▶ _Aim of the task_
Copy exactly the lines of the data below, beginning with the line with "1 de 21: Fachada interior" and ending with the line with "Margot Lourdet – Naked (2014)". Pictures are to be omitted.

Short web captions
■ ■ ■ ■ ■ ■ ■

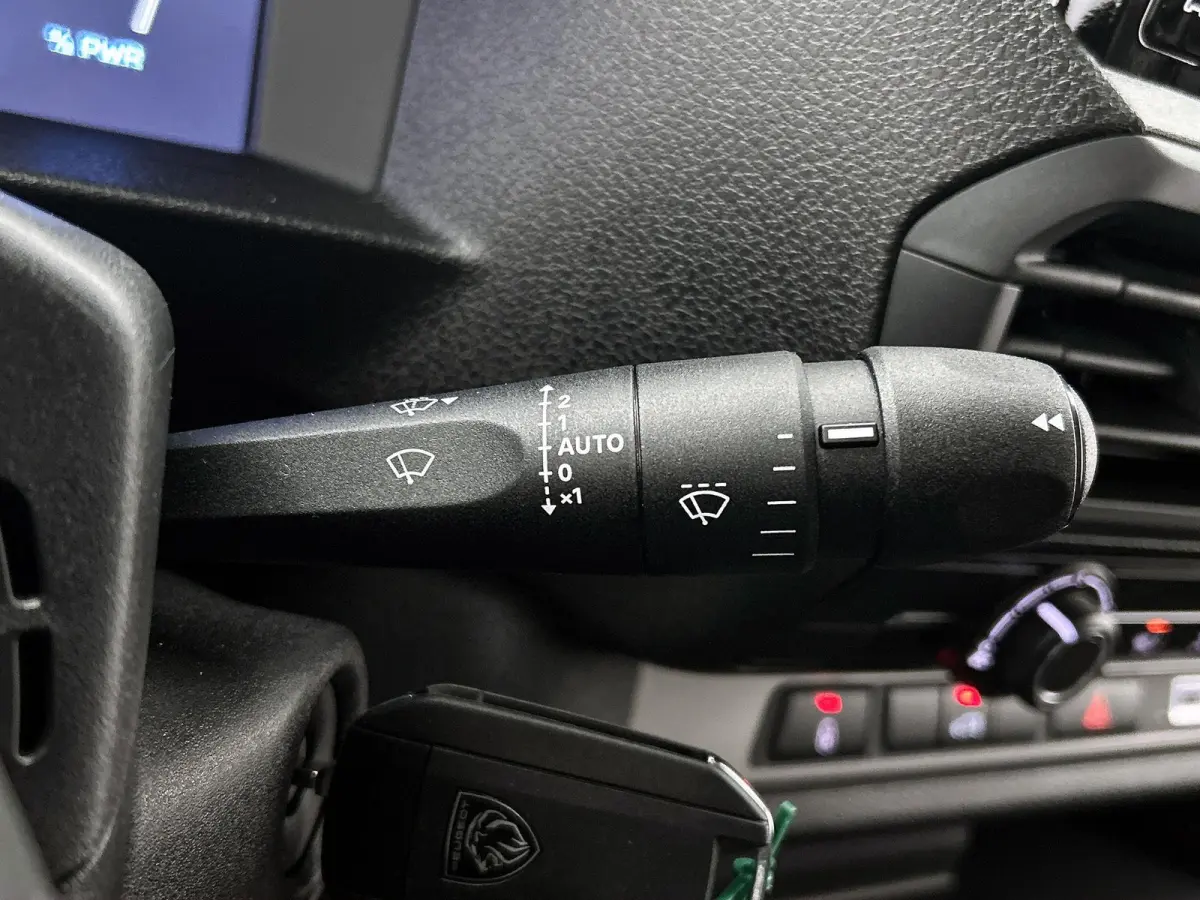 136pk EV L3 DC 75 kWh Automaat | Tot 8 Jaar Garantie | Navigatie | Trekhaak | Climate Control | Cruise Control | Achteruitrijcamera | Parkeersensoren Achter | Houten Vloer | Apple Carplay/An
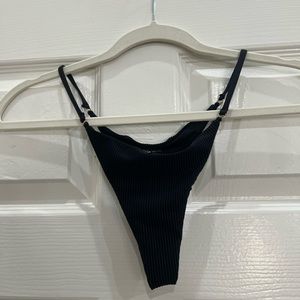 Frankie’s bikinis bottoms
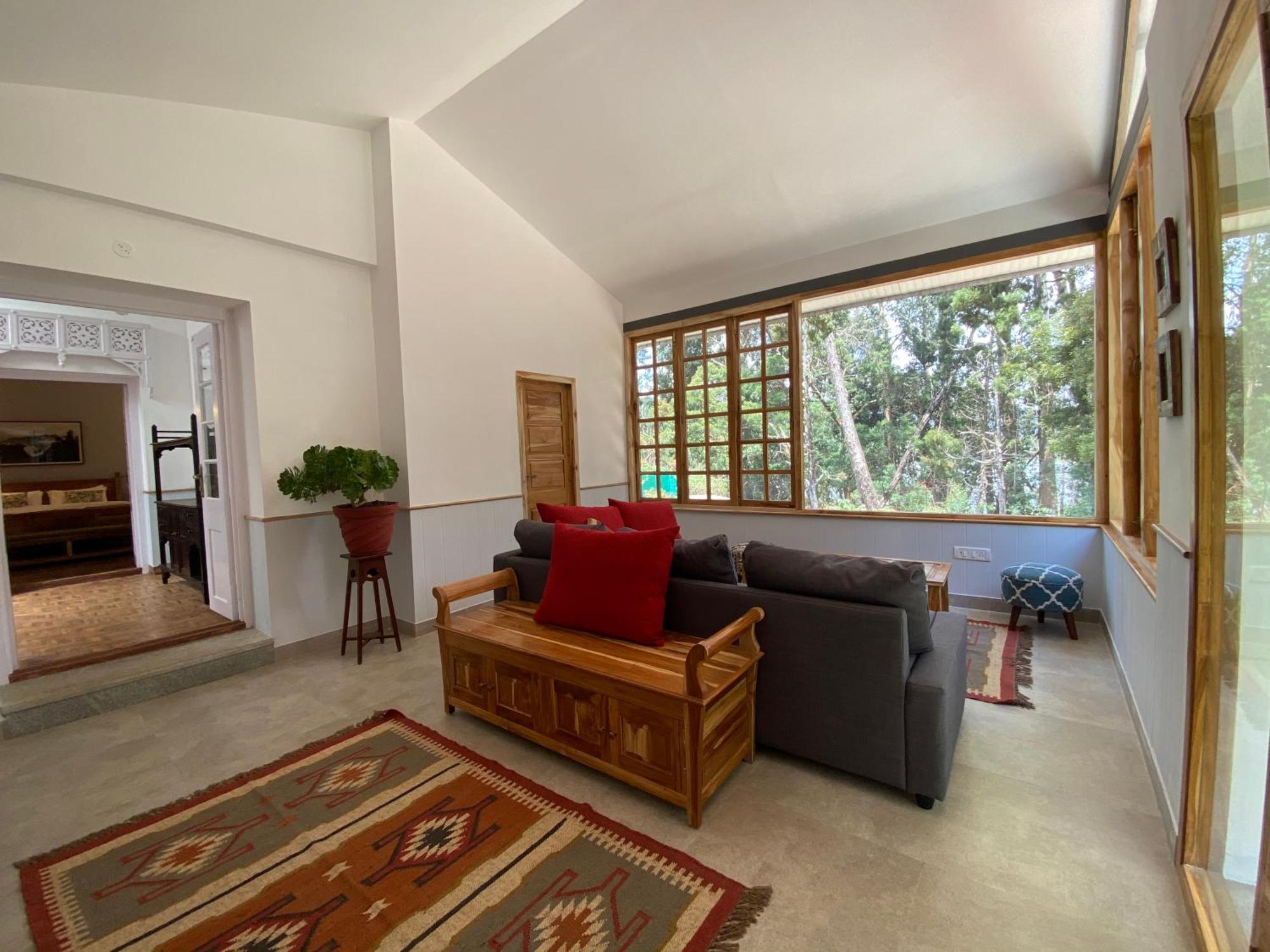Saffronstays Dunnottar North By Kodai Lake- A 2-Bdr Villa Kodaikanal Exterior photo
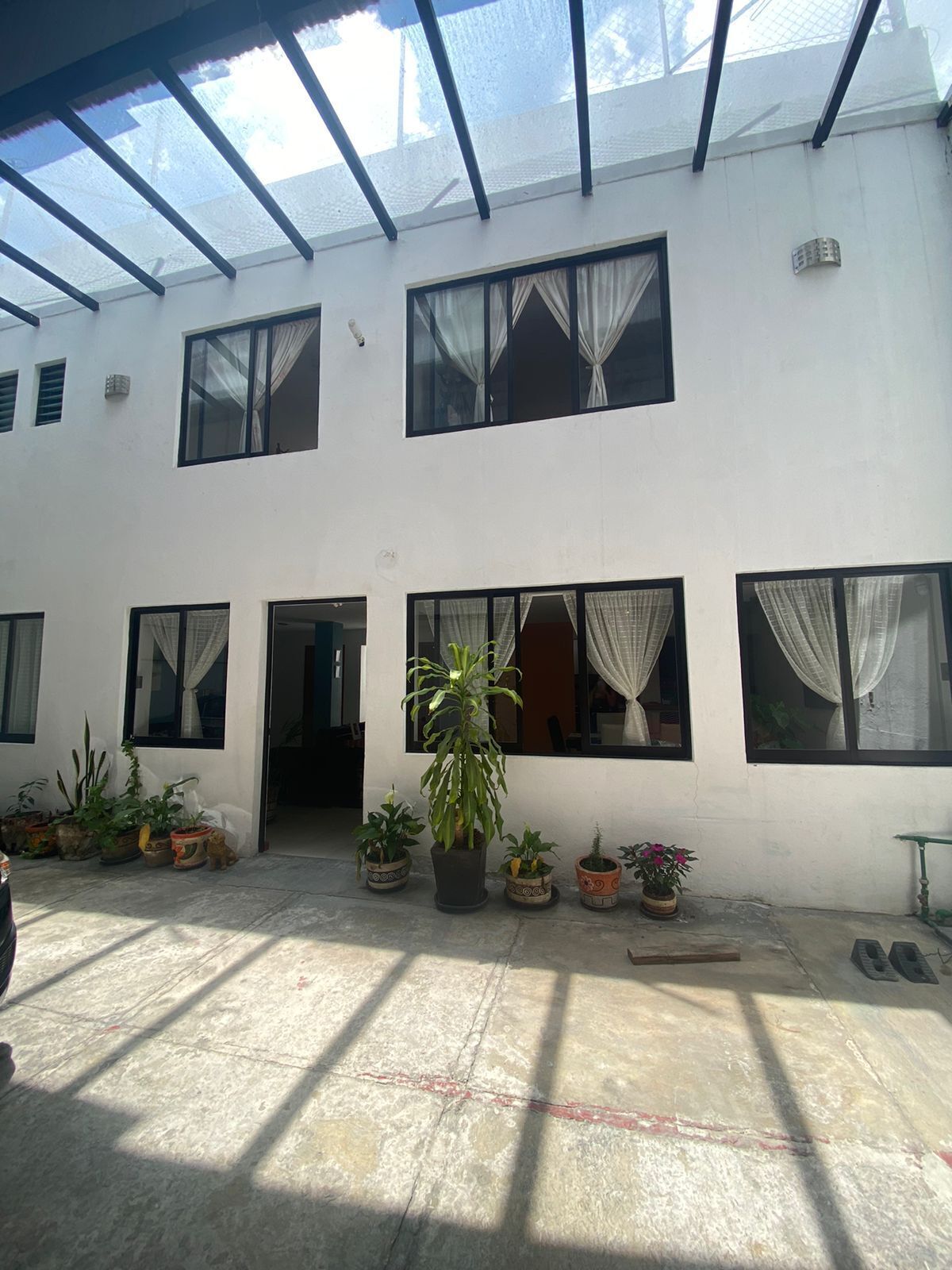 1 de 21: Fachada interior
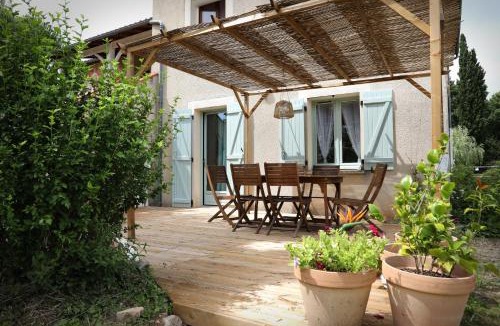 Douelle Apartment | Gîte " Ô PARADIS"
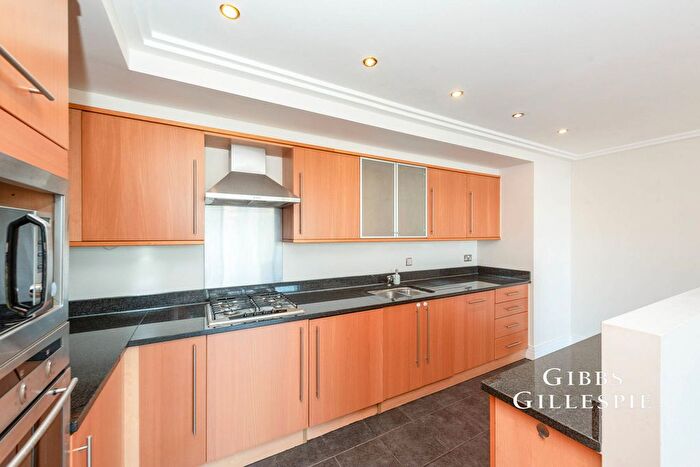 2 Bedroom Flat To Rent In Brentford, TW8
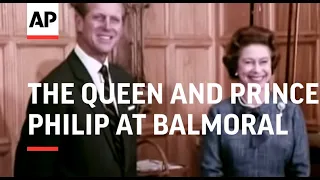 THE QUEEN AND PRINCE PHILIP AT BALMORAL - 1977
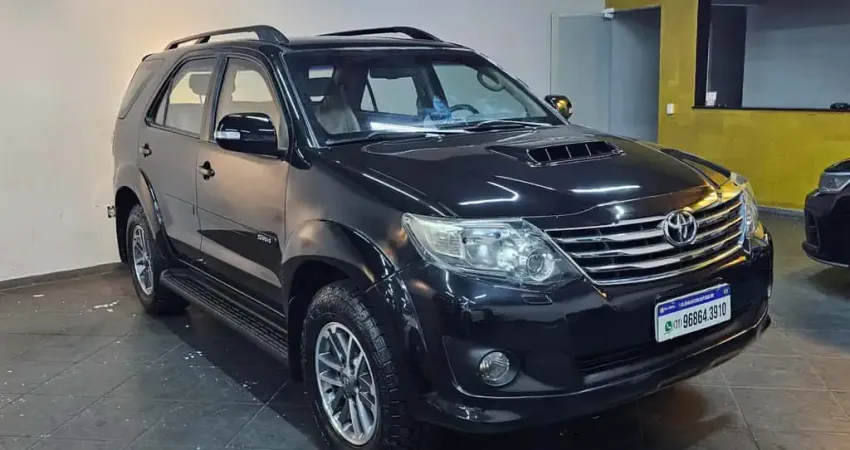 TOYOTA HILUX SW4 SRV D4-D 4x4 3.0 TDI Dies. Aut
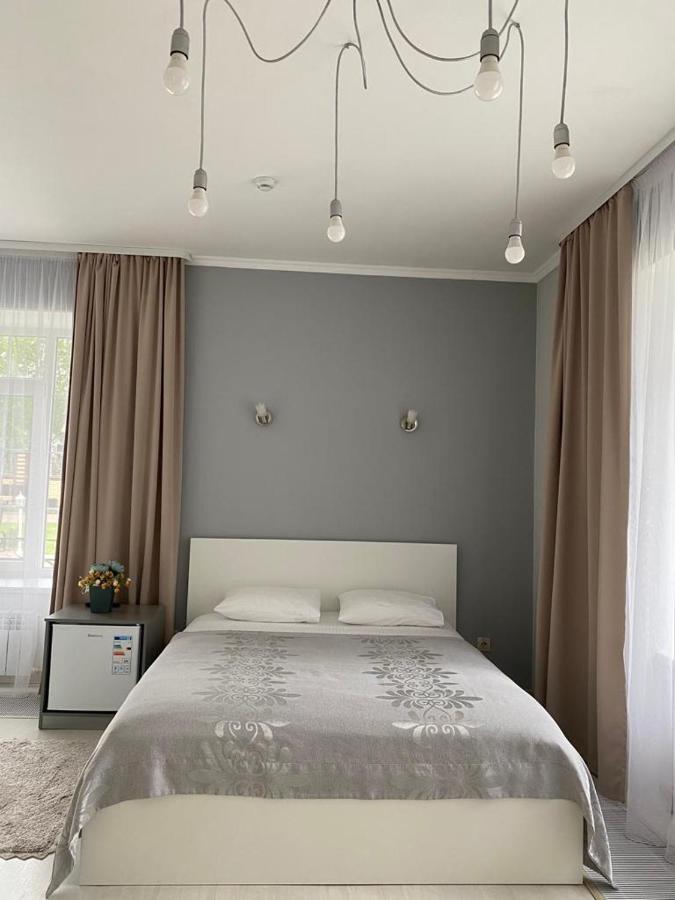 Scandi Hotel Makinsk Екстер'єр фото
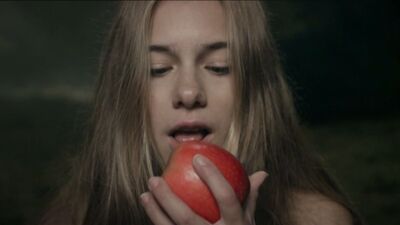 Margot Lourdet – Naked (2014)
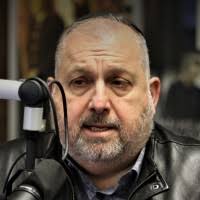 100+ "Leonard Carr" profiles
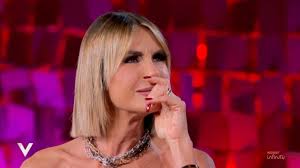 Potevo permettermi solo uno yogurt'': l'ex Miss Italia Arianna David in  lacrime in tv svela i problemi economici vissuti coi figli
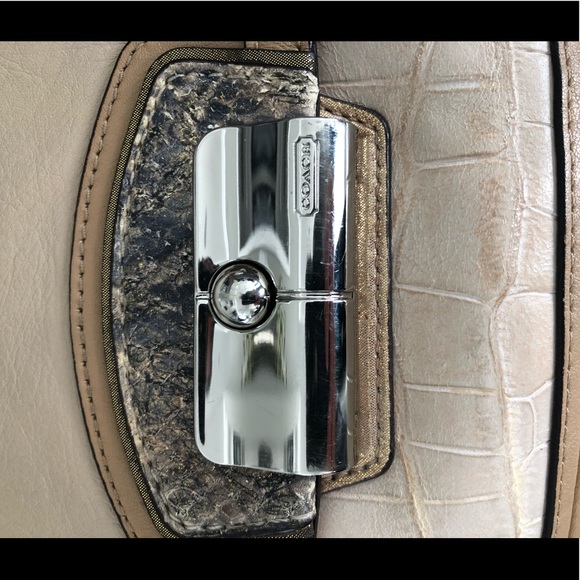 COACH KRISTIN SPECTATOR Hobo Tan No. L1126-19310 EUC - Picture 10 of 11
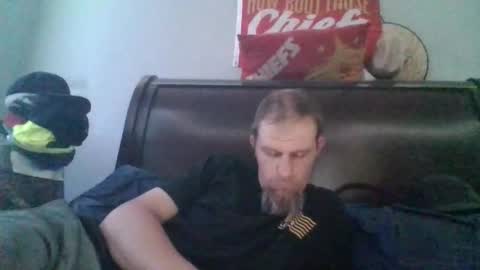 hornypierceddad online show from May 10, 11:54 pm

■ ■ ■ ■ ■ ■ ■

▶ _Answer box_
 1 de 21: Fachada interior
 Douelle Apartment | Gîte " Ô PARADIS"
 2 Bedroom Flat To Rent In Brentford, TW8
 THE QUEEN AND PRINCE PHILIP AT BALMORAL - 1977
 TOYOTA HILUX SW4 SRV D4-D 4x4 3.0 TDI Dies. Aut
 Scandi Hotel Makinsk Екстер'єр фото
 Margot Lourdet – Naked (2014)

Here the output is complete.